- **Problem details**: Nothing but the lines from the one containing "Chips de Pan" through the last line of the data below should be returned, each exactly as it stands, pictures excluded.

- **Recorded data**:
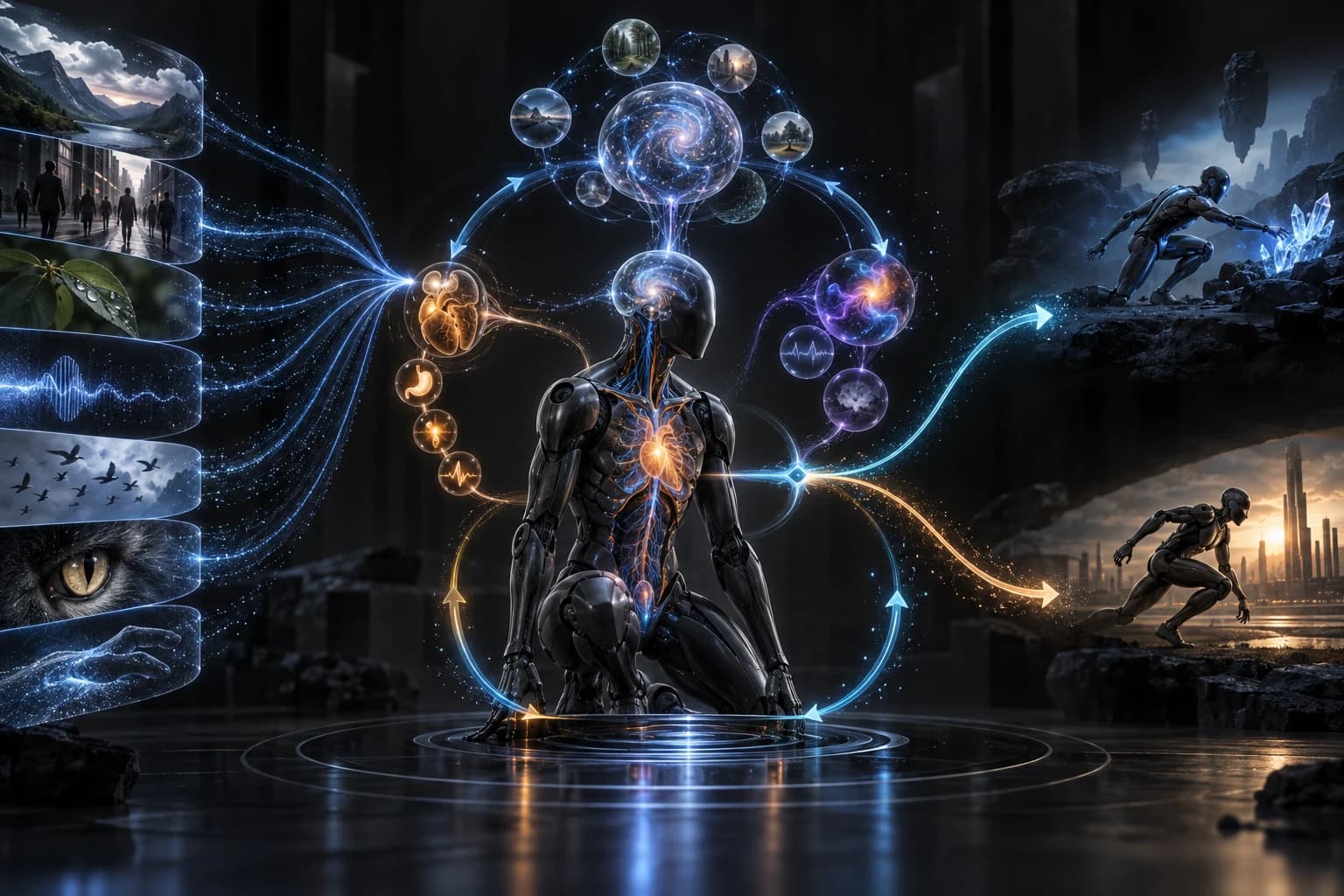 Un système cognitif incarné relie perception, motivation, émotion et action dans un modèle d’esprit.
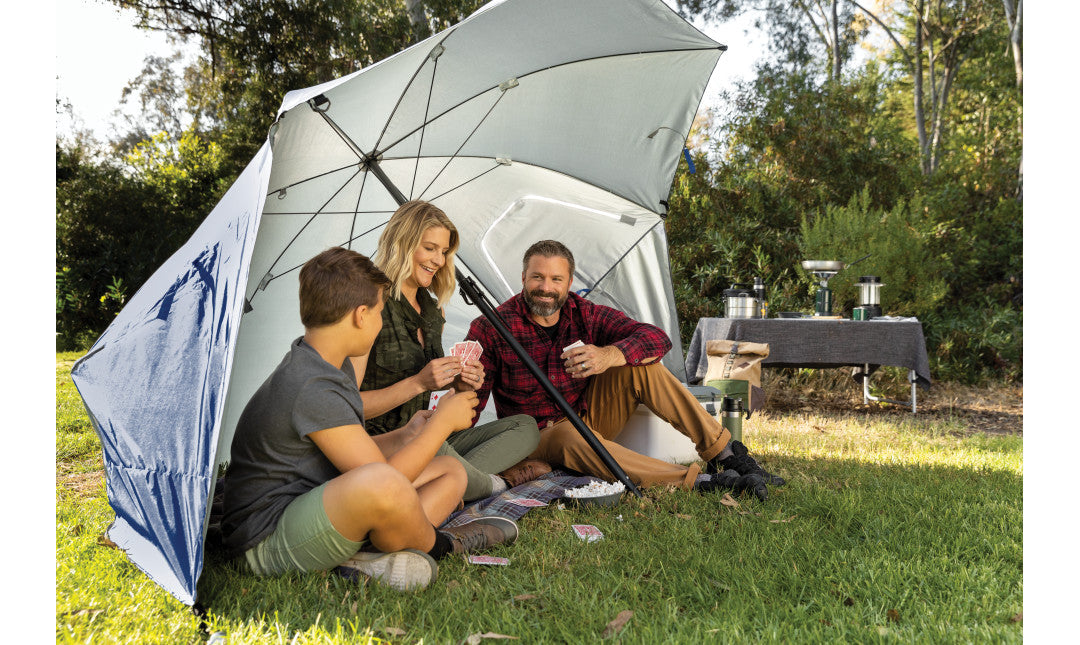 Sport-Brella Premiere Strandtent - Windscherm - Parasol - Blauw - 2ekans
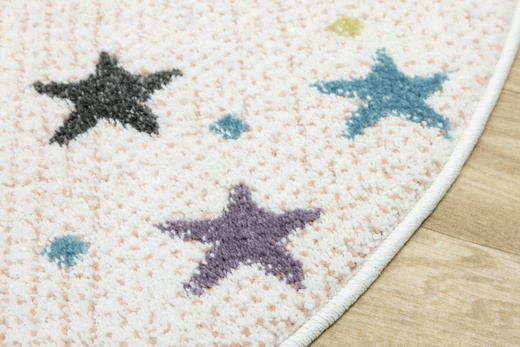 Okrągły Dywan Lima B070A cream/rose Jednorożec Krem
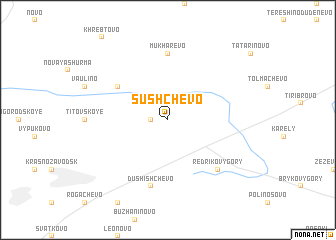 map of Sushchëvo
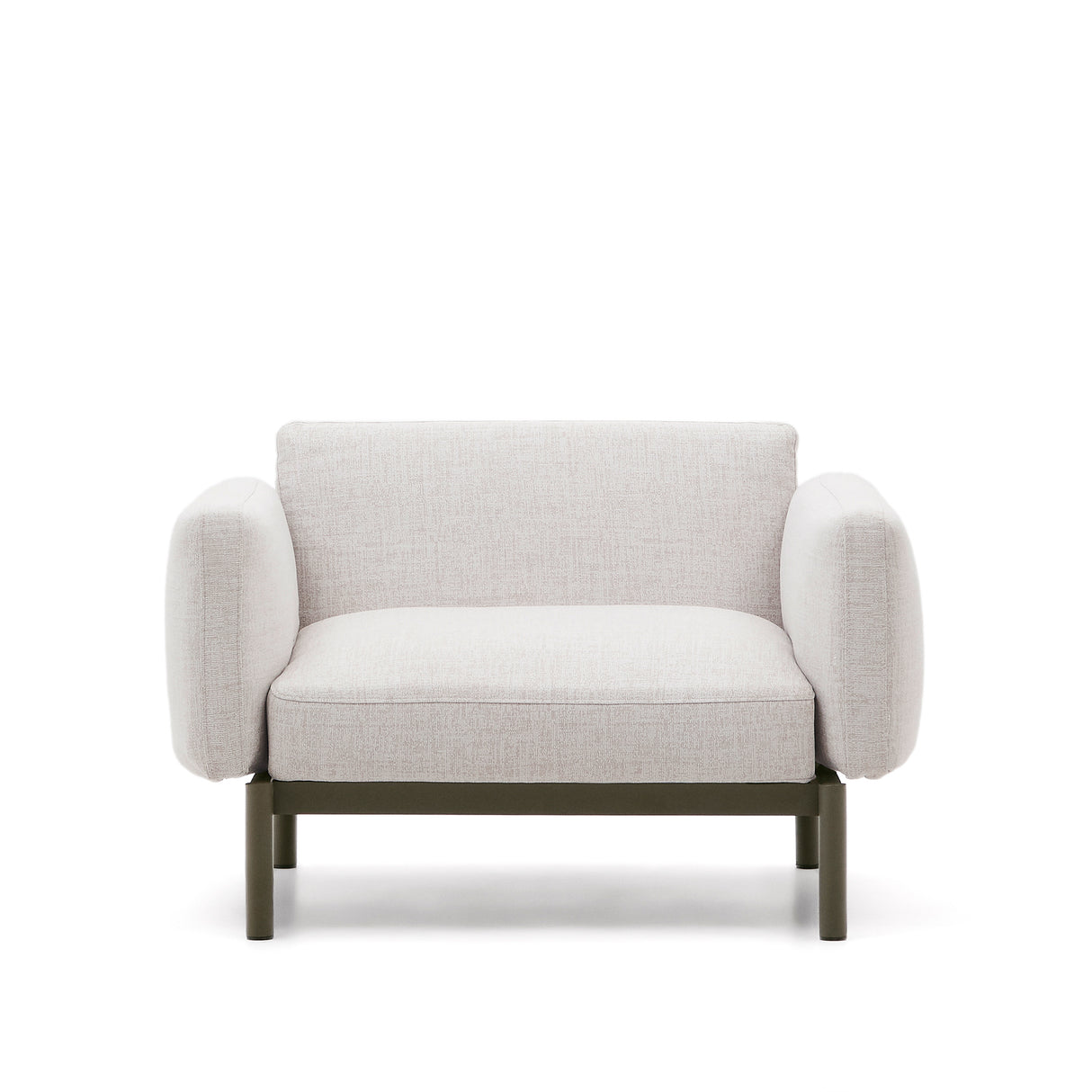 Modularer Outdoor-Sessel Sorells aus Aluminium in grüner Ausführung - ZEN ZONE Furniture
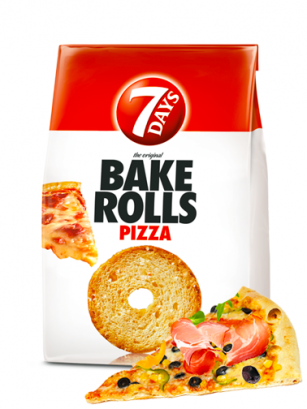Chips de Pan Tostado con Sabor a Pizza 80 grs.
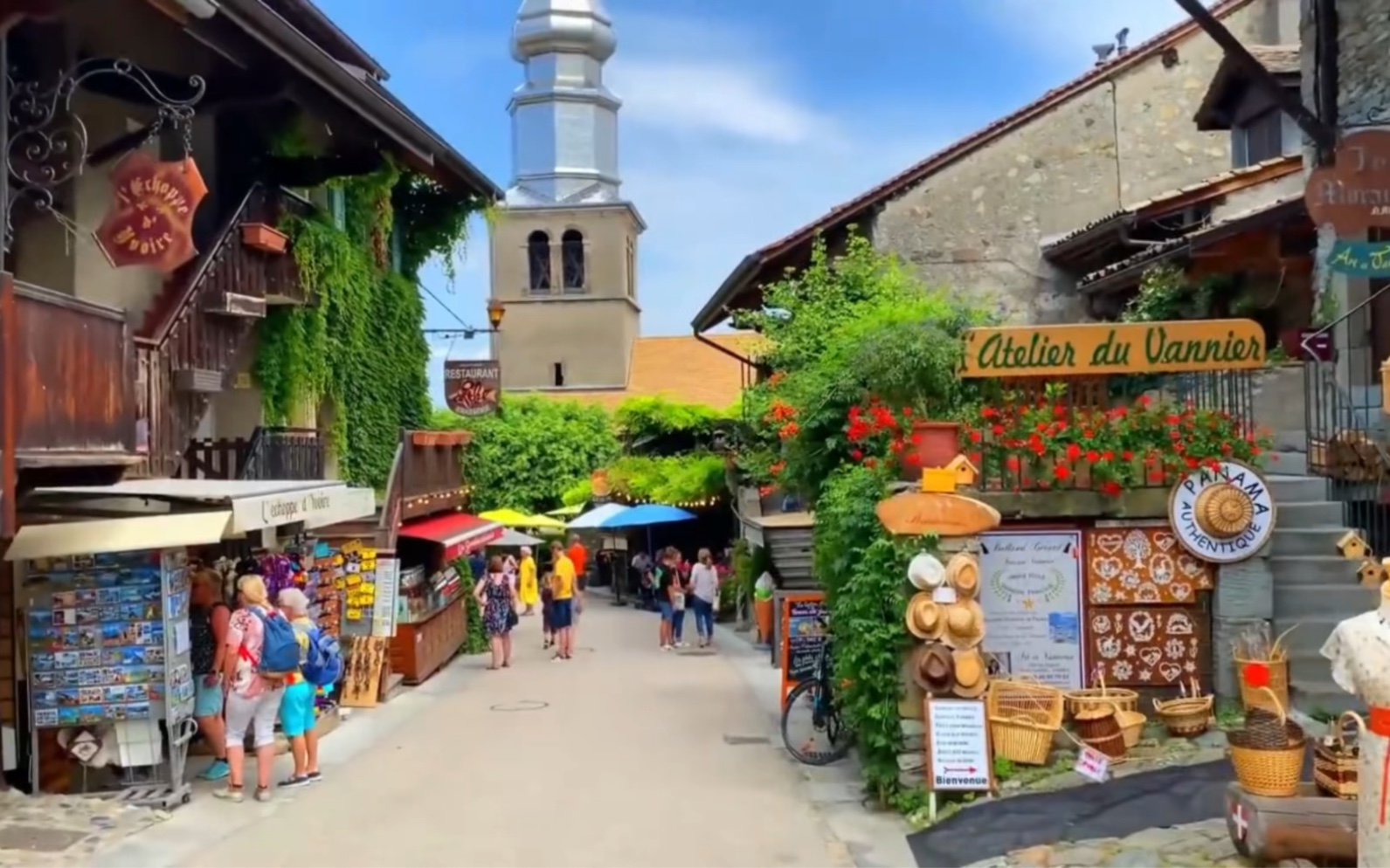 伊瓦尔——莱芒湖畔的鲜花小镇!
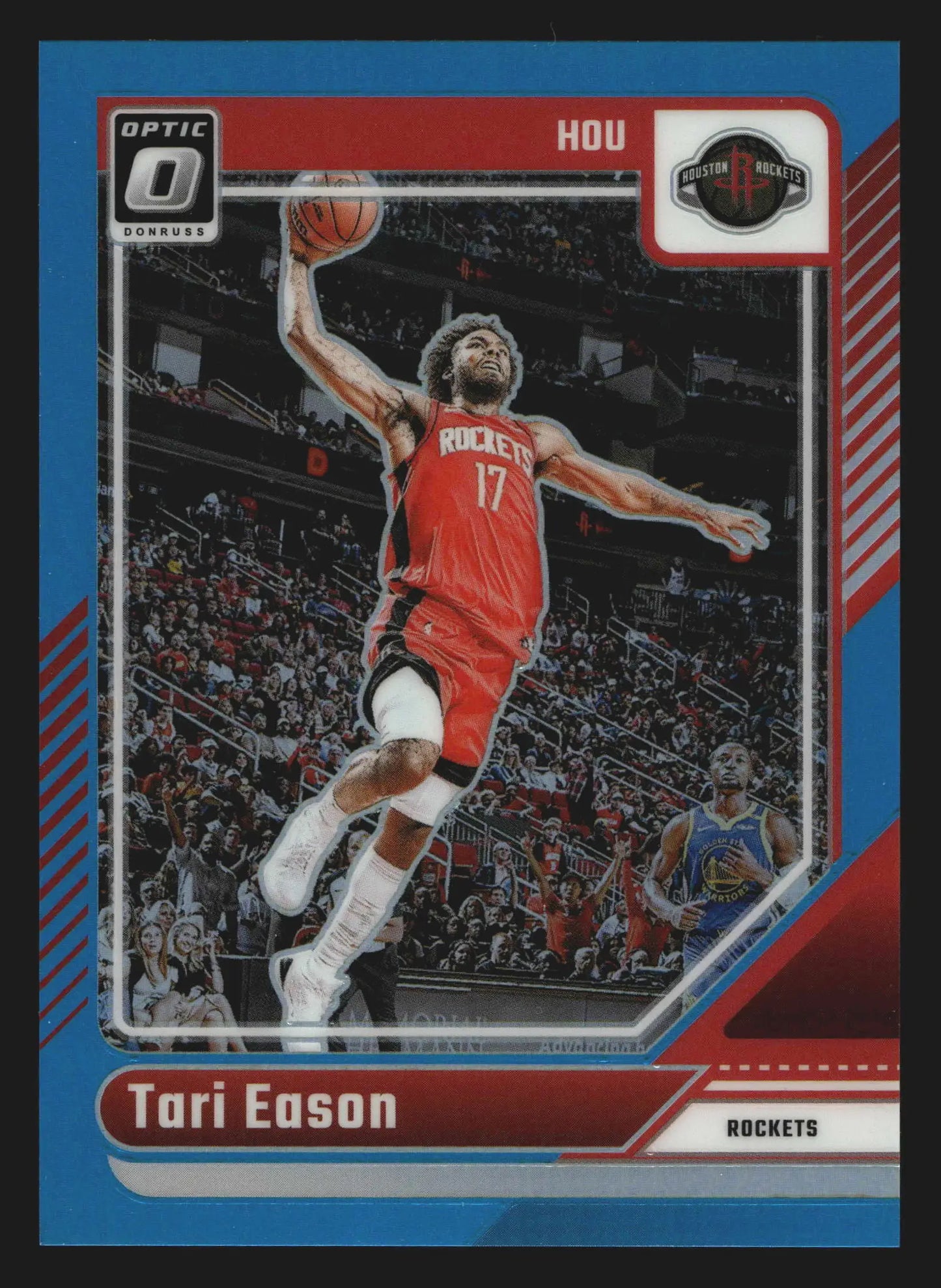 2024-25 Donruss Optic Tari Eason #185 Aqua Prizm /225 Houston Rockets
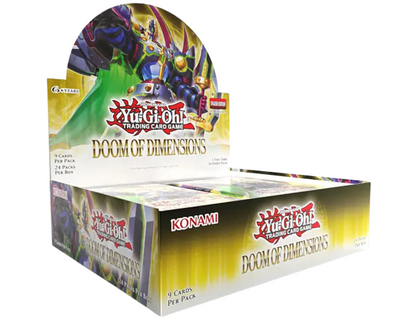 Yugioh - Doom of Dimensions Booster Box - 1st Edition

- **Task result**:
Chips de Pan Tostado con Sabor a Pizza 80 grs.
 伊瓦尔——莱芒湖畔的鲜花小镇!
 2024-25 Donruss Optic Tari Eason #185 Aqua Prizm /225 Houston Rockets
 Yugioh - Doom of Dimensions Booster Box - 1st Edition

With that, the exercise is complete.